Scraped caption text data
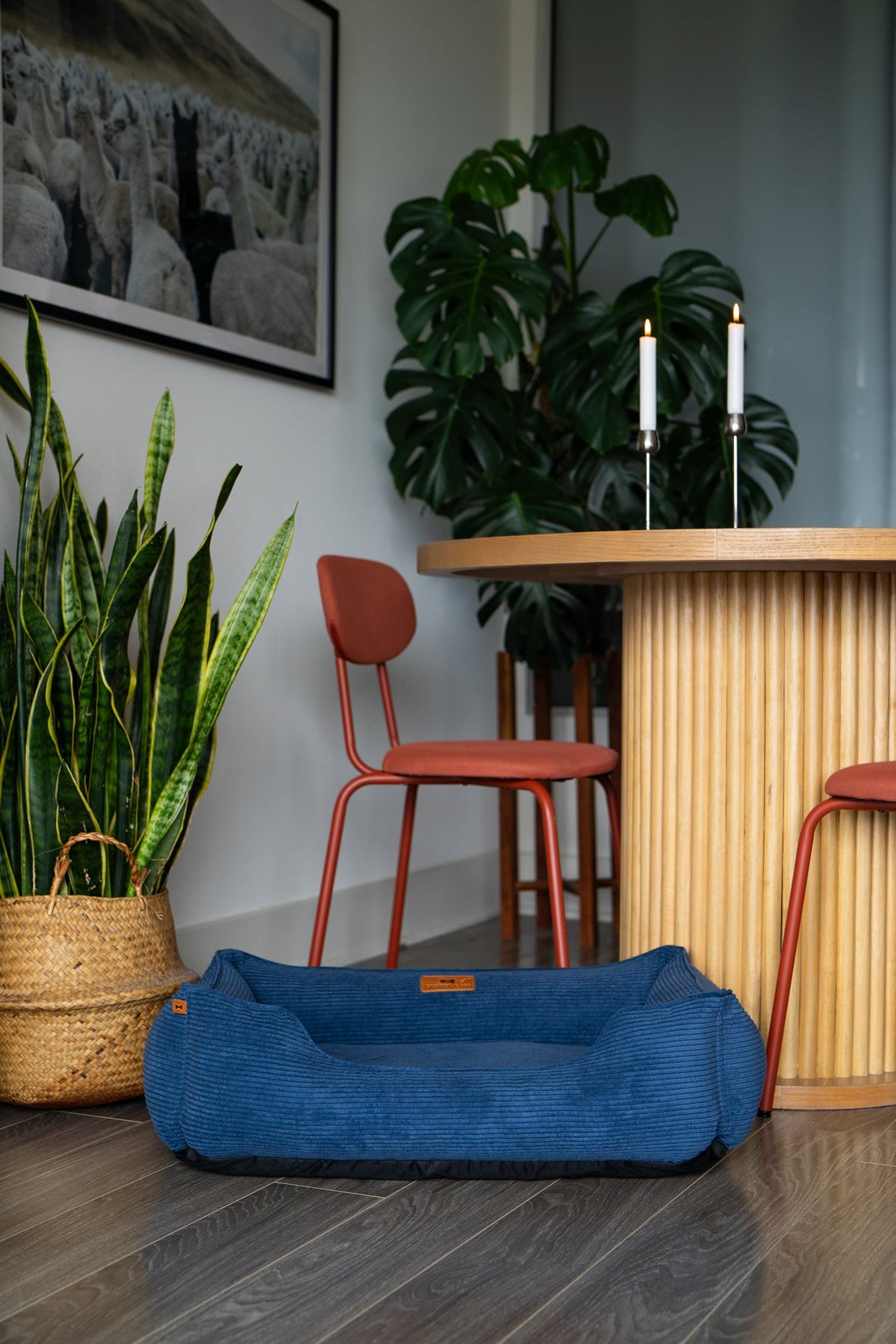 Chester & Lee | Fancy Corduroy Sleeper Dog Bed Blue by Chester & Lee, product image 6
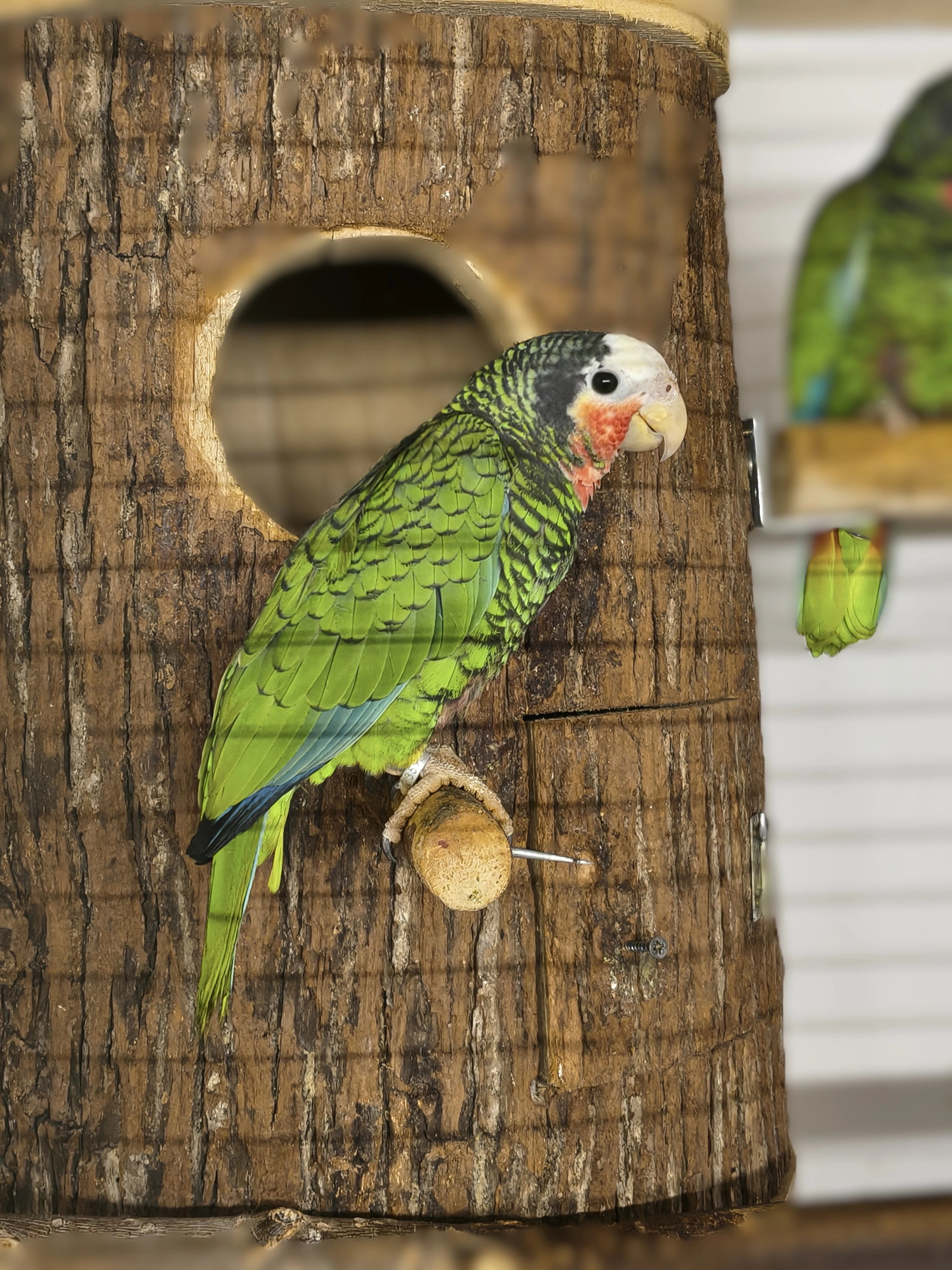 Amazoňan Kubánsky  0: 1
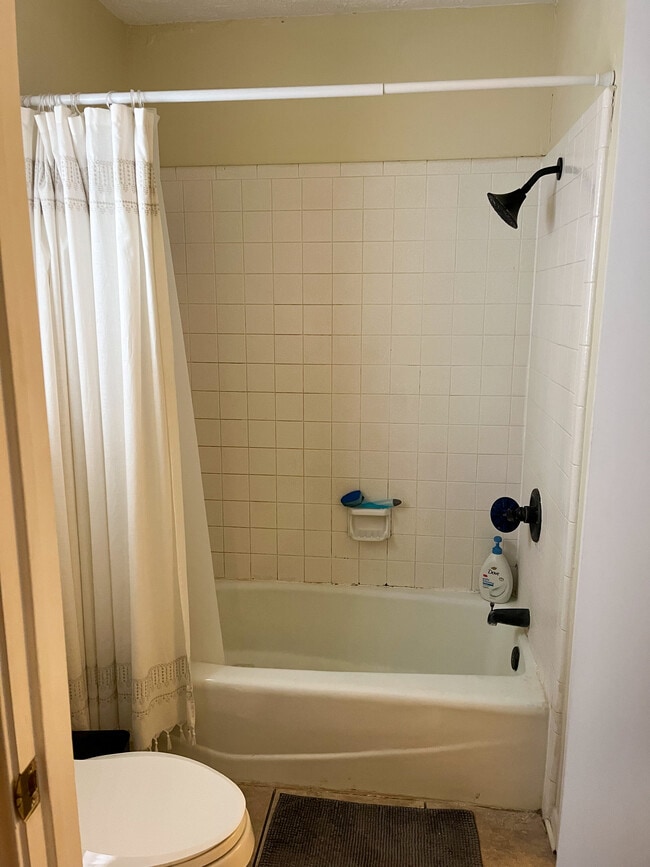 Shared wet area (toilet and shower) - 421 W San Antonio St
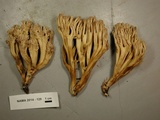 Ramaria testaceoflava image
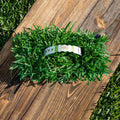 Sod Pods St Augustine Grass Plugs Natural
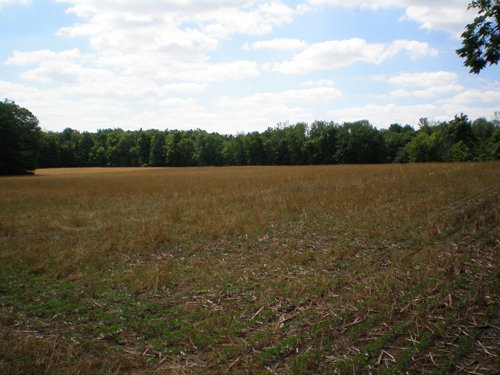 Property photo 48 - 385+/- Contiguous Acres Offered in 7 Tracts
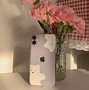 Image result for Clear Bear Phone Case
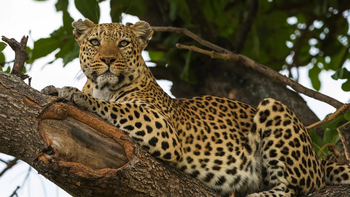 Xigera Safari Lodge Xigera Safari Lodge: Leopard im Baum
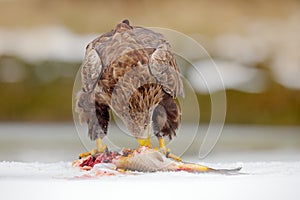 Orol s kaprom. Orol bielochvostý, haliaeetus albicilla, dravý vták s ulovenými rybami v zasneženej zimnej scéne, zviera na ľade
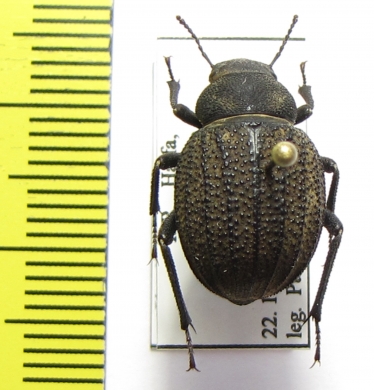 Pimelia mittrei  Israel - INSECTS-STORE.RU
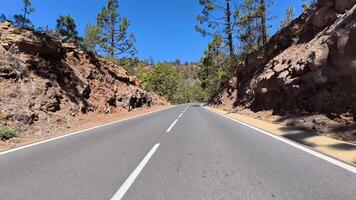 A scenic mountain road meanders through lush pine forests, rocky terrain, and natural beauty photo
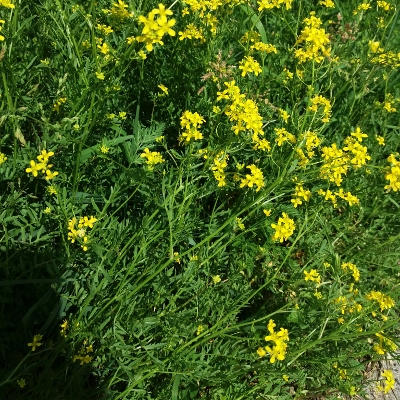 Brassicacea?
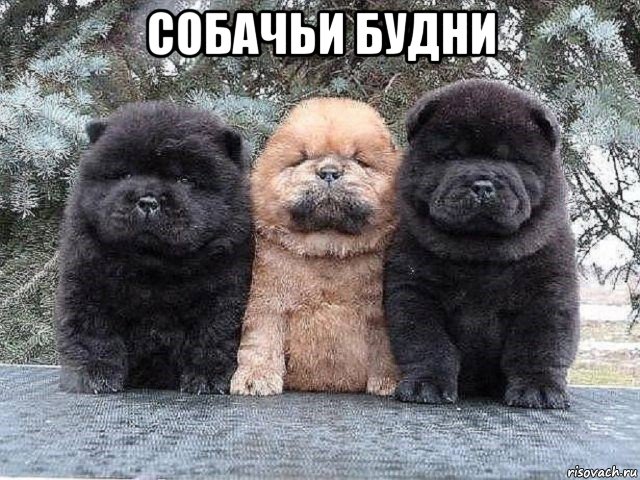 собачьи будни 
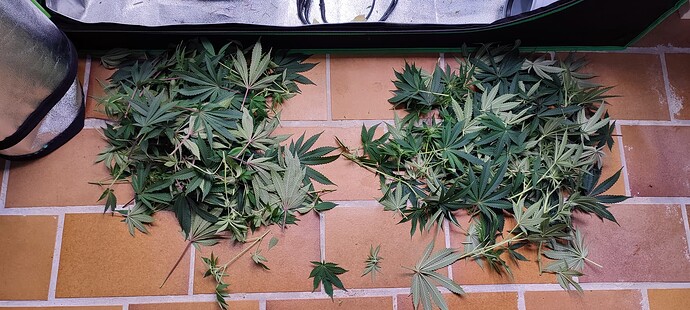 Growreport Bild 69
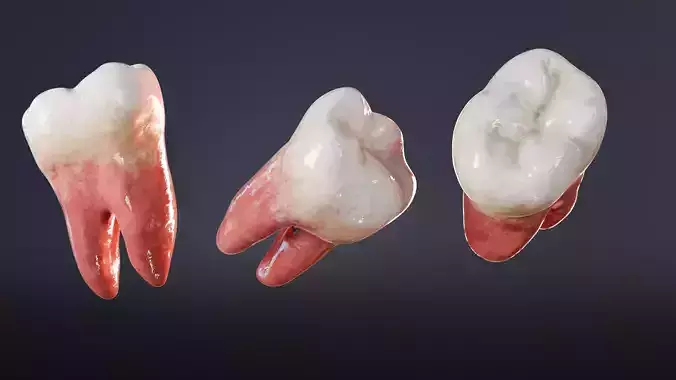 Teeth 3D model Realistic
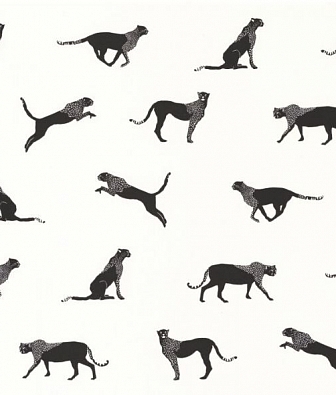 ���� Caselio Moonlight 101140096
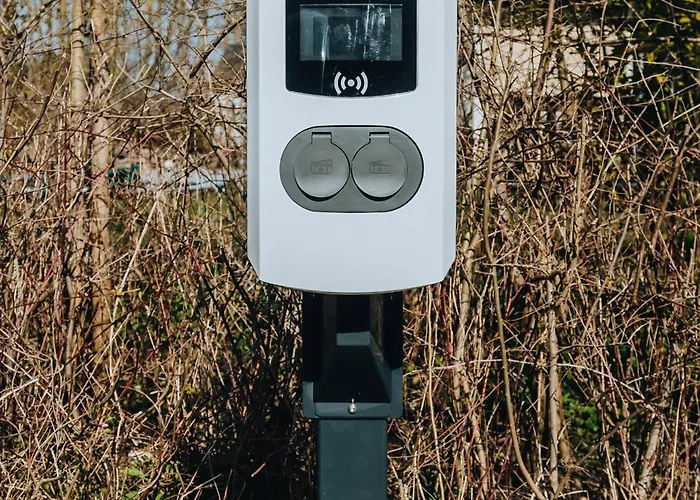 Poldersbos 3 - Barledunes - Met Jacuzzi En Sauna *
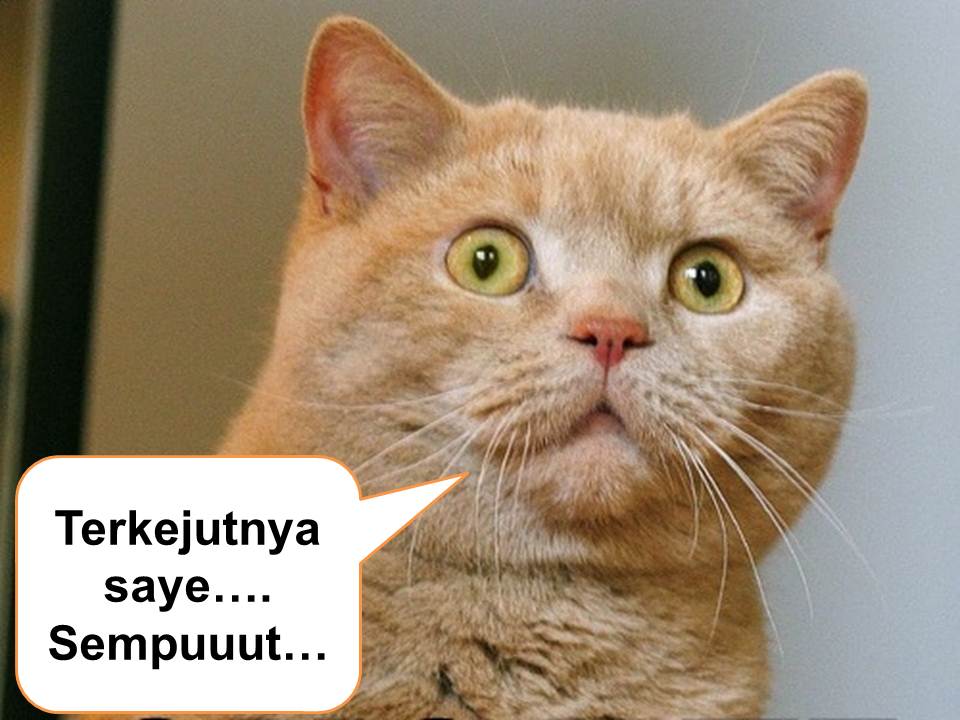 10 Gambar  Kucing  Lucu Syurga Itu Indah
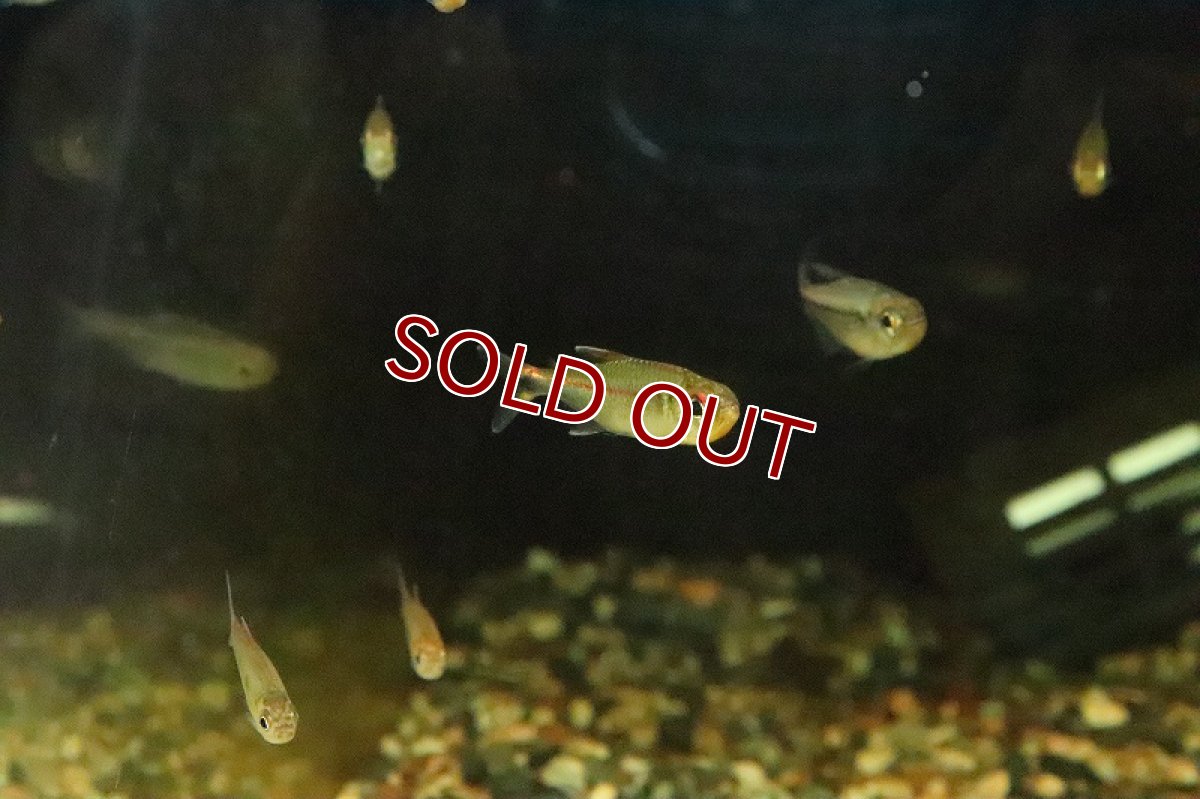 画像5: 【淡水魚】レッドショルダーホタルテトラ マラカナ産 ワイルド【1匹 サンプル画像】(珍カラ)(生体)(淡水)NKCＫ (5)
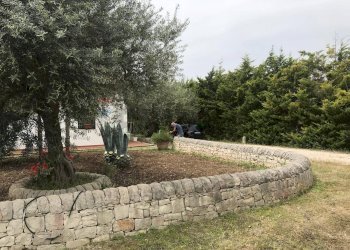 Giardino - Appartamento Chiaramonte Gulfi - foto 15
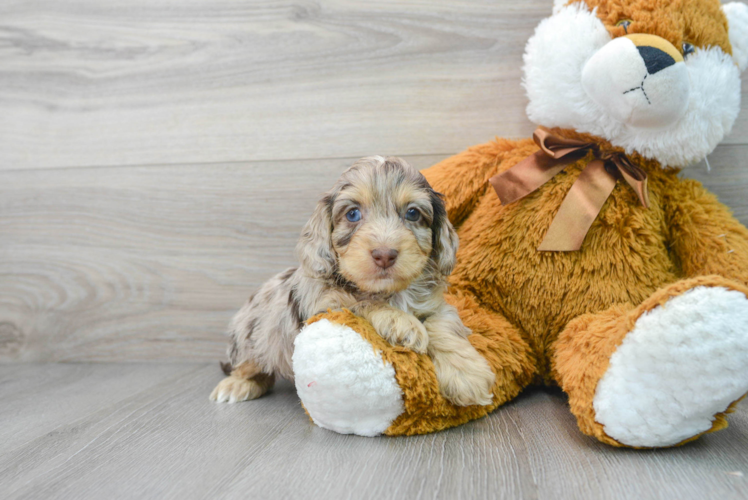 Playful Cockerpoo Poodle Mix Puppy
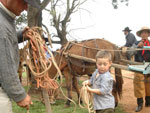 O menino Joo Pedro da Cunha  o mascote da Cavalgada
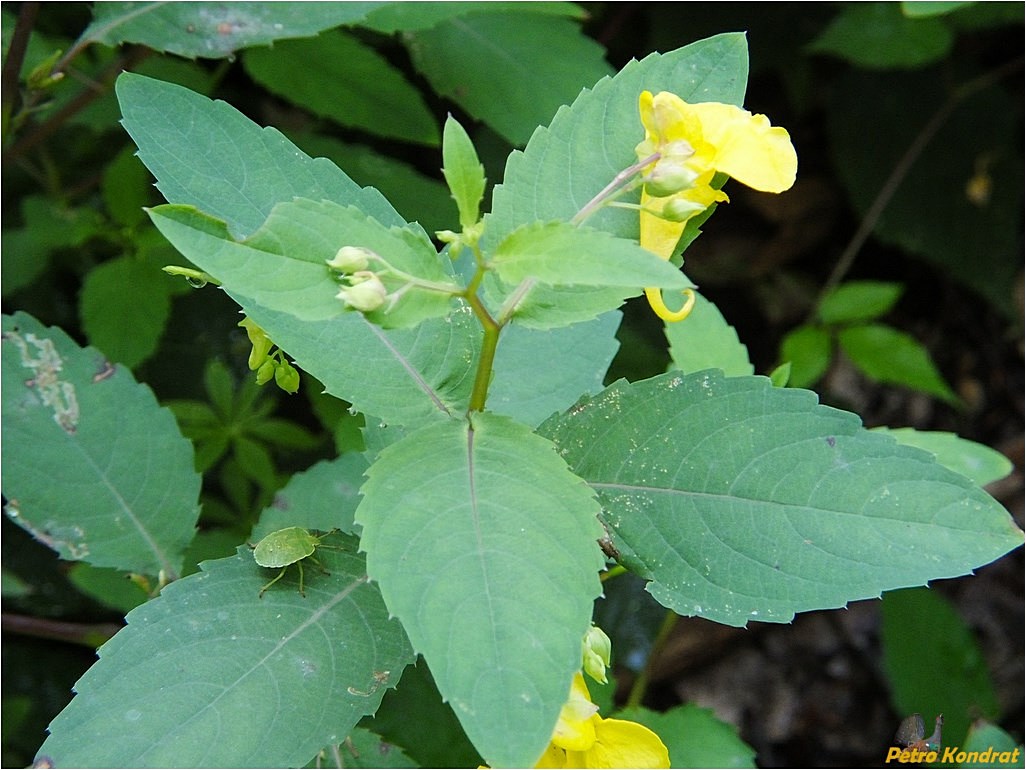 Image of Impatiens noli-tangere specimen.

### [WORK ORDER]
Without including the pictures, copy all of the data exactly.

### [EXERCISE RESPONSE]
 Chester & Lee | Fancy Corduroy Sleeper Dog Bed Blue by Chester & Lee, product image 6
 Amazoňan Kubánsky  0: 1
 Shared wet area (toilet and shower) - 421 W San Antonio St
 Ramaria testaceoflava image
 Sod Pods St Augustine Grass Plugs Natural
 Property photo 48 - 385+/- Contiguous Acres Offered in 7 Tracts
 Image result for Clear Bear Phone Case
 Xigera Safari Lodge Xigera Safari Lodge: Leopard im Baum
 Orol s kaprom. Orol bielochvostý, haliaeetus albicilla, dravý vták s ulovenými rybami v zasneženej zimnej scéne, zviera na ľade
 Pimelia mittrei  Israel - INSECTS-STORE.RU
 A scenic mountain road meanders through lush pine forests, rocky terrain, and natural beauty photo
 Brassicacea?
 собачьи будни 
 Growreport Bild 69
 Teeth 3D model Realistic
 ���� Caselio Moonlight 101140096
 Poldersbos 3 - Barledunes - Met Jacuzzi En Sauna *
 10 Gambar  Kucing  Lucu Syurga Itu Indah
 画像5: 【淡水魚】レッドショルダーホタルテトラ マラカナ産 ワイルド【1匹 サンプル画像】(珍カラ)(生体)(淡水)NKCＫ (5)
 Giardino - Appartamento Chiaramonte Gulfi - foto 15
 Playful Cockerpoo Poodle Mix Puppy
 O menino Joo Pedro da Cunha  o mascote da Cavalgada
 Image of Impatiens noli-tangere specimen.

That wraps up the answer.